Indeed, some of Minnesota’s smallest cities do get the most money per capita; tiny Leonidas, population 57, got a grand total of $35,000; that’ll buy you two-third of one of RT Rybak’s drinking fountains in Minneapolis.
So let’s compare and contrast the average populations of cities outside the “Top Fourteen” – Minneapolis, Saint Paul, Duluth and the eleven other cities listed above that soak up half the budget – that actually get above the average of the Top Fourteen in LGA receipts (I took every city that got over $188 per capita) with those that don’t. They account for a total of 397 cities – a little less than half of Minnesota’s cities – with a combined population of almost exactly 540,000 people. They soak up $157,319,854 – a total of $290.79 per capita. And their average population is 1363.
We are talking small towns, here.
Compare that to the 383 cities that get less than $186 per capita – the average for the Big Fourteen recipients and the Big Three population centers. They total 2,621,451 people – about half the population of the state – and get $55,550,284, or a little over a ninth of the total LGA budget. They have an average population of 6844 – almost five times the size of the cities that get above-average aid.
So the pattern so far is this:
- The big fourteen LGA recipients, and the three largest cities in population, all get $186 per capita in LGA.
- The smaller towns and cities that get more than that average are quite small indeed.

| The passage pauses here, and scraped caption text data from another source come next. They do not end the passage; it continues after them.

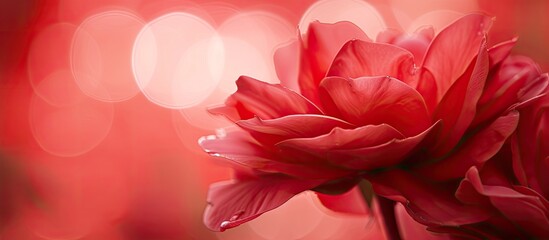 A detailed view of a red flower with tender petal texture, set against a blurred background.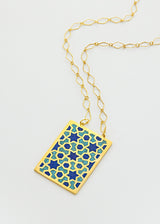 18kt Gold Vermeil PSTM Afghanistan Lapis & Turquoise Aryana Inlay on Chain
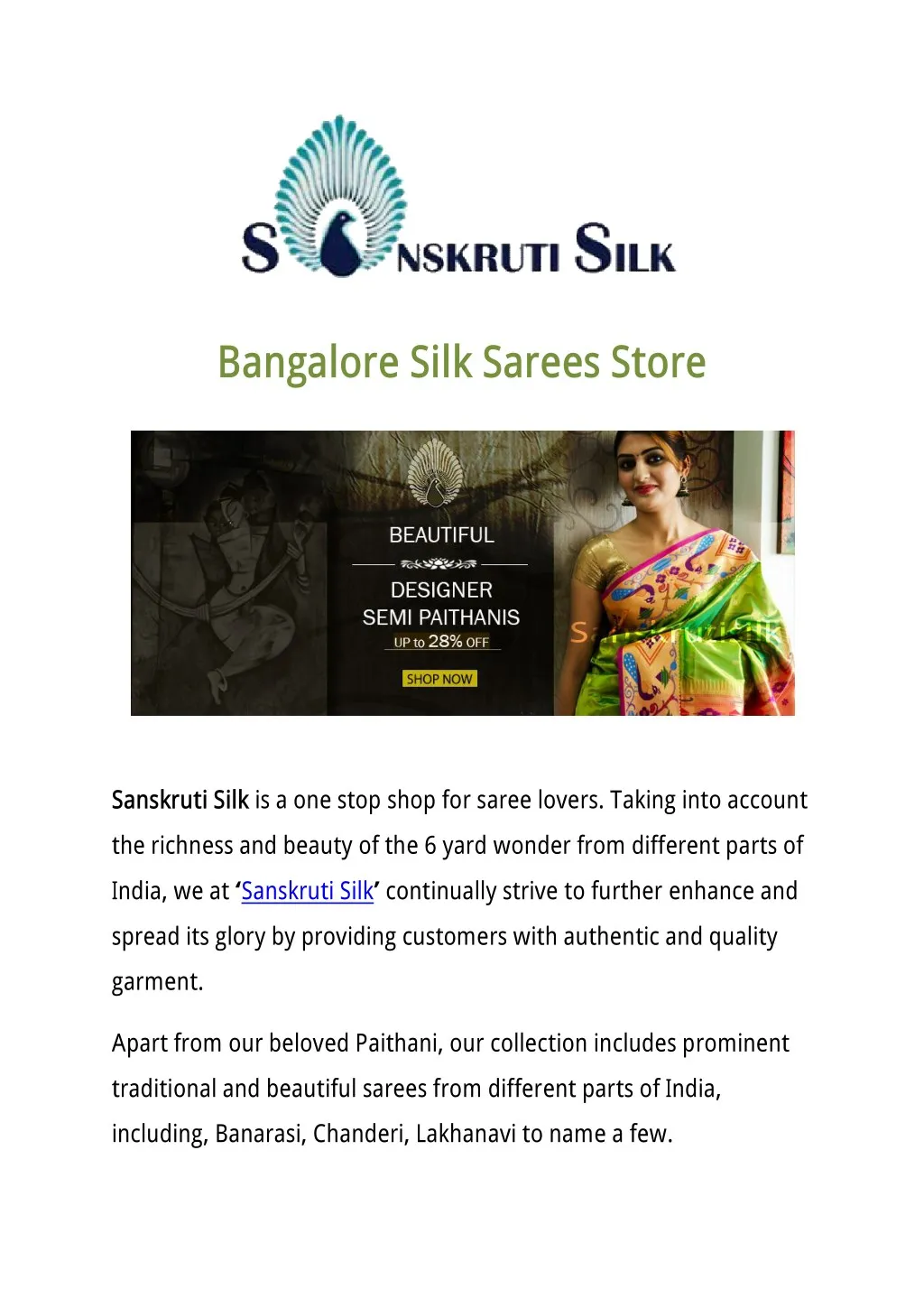 bangalore silk sarees store n.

- The larger towns and cities that get below that average are considerably larger.
But what about the large number of cities that get no aid? The MPR report points out that some cities get no money whatsoever from LGA.

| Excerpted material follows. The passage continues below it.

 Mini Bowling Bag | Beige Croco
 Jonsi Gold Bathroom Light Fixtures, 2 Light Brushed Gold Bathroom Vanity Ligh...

Those 127 cities total 1,770,912 people – about a third of the state’s population – and have an average population just shy of 14,000.
So here’s how LGA breaks out:
- the 14 biggest recipients, and 300-odd cities averaging just over a thousand people eat up almost $370 million in LGA ($141 million to the Twin Cities and Duluth); that is 87 percent of all LGA.

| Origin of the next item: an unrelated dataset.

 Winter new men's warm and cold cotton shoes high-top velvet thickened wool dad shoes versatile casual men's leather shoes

- The remaining just-shy-of-half of Minnesota towns and cities – those in the middle of the pack, averaging around 6,000 people – get what’s left.
- 15% of Minnesota towns and cities holding about a third of the people get no LGA. Zip. Nada. Zilch.
Had enough yet?
Tough. There’s more.
I split out the cities that make up the Twin Cities metro area – 101 total cities and towns (I may have missed a few, but they’re useful for comparison purposes).
Of the 101 total cities in the Metro, from huge Minneapolis to tiny Coates (population 177), averaging 28,500-odd people receiving a total of $158664,026 of LGA, averaging $57.20 per capita.
But only 28 cities in the Metro area actually get Local Government Aid. So if you leave out Minneapolis and Saint Paul, with their 678,186 total people and roughly $170/person allotment, you get a total of 99 cities with 2,010,299 people, averaging a minuscule $8.31 per capita.
Local Government Aid gives immensely disproportionate aid to Minneapolis, Saint Paul and Duluth, as well as the smaller towns that the program was originally intended to aid. It takes money from the parts of the state that are prospering – the Metro suburbs.
There is, in between the lavishly funded Twin Cities and Duluth and the smaller communities where a small contribution translates into a huge per-capita expenditure, a large donut hole of Minnesota communities, largely prosperous, heavily outer-tier Metro or from the southern part of the state, between 5,000 and the mid-five figures that get nothing – but most definitely pay in.
And Minnesota Public Radio stopped looking for conclusions when they found something they could use to bag on Tom Emmer.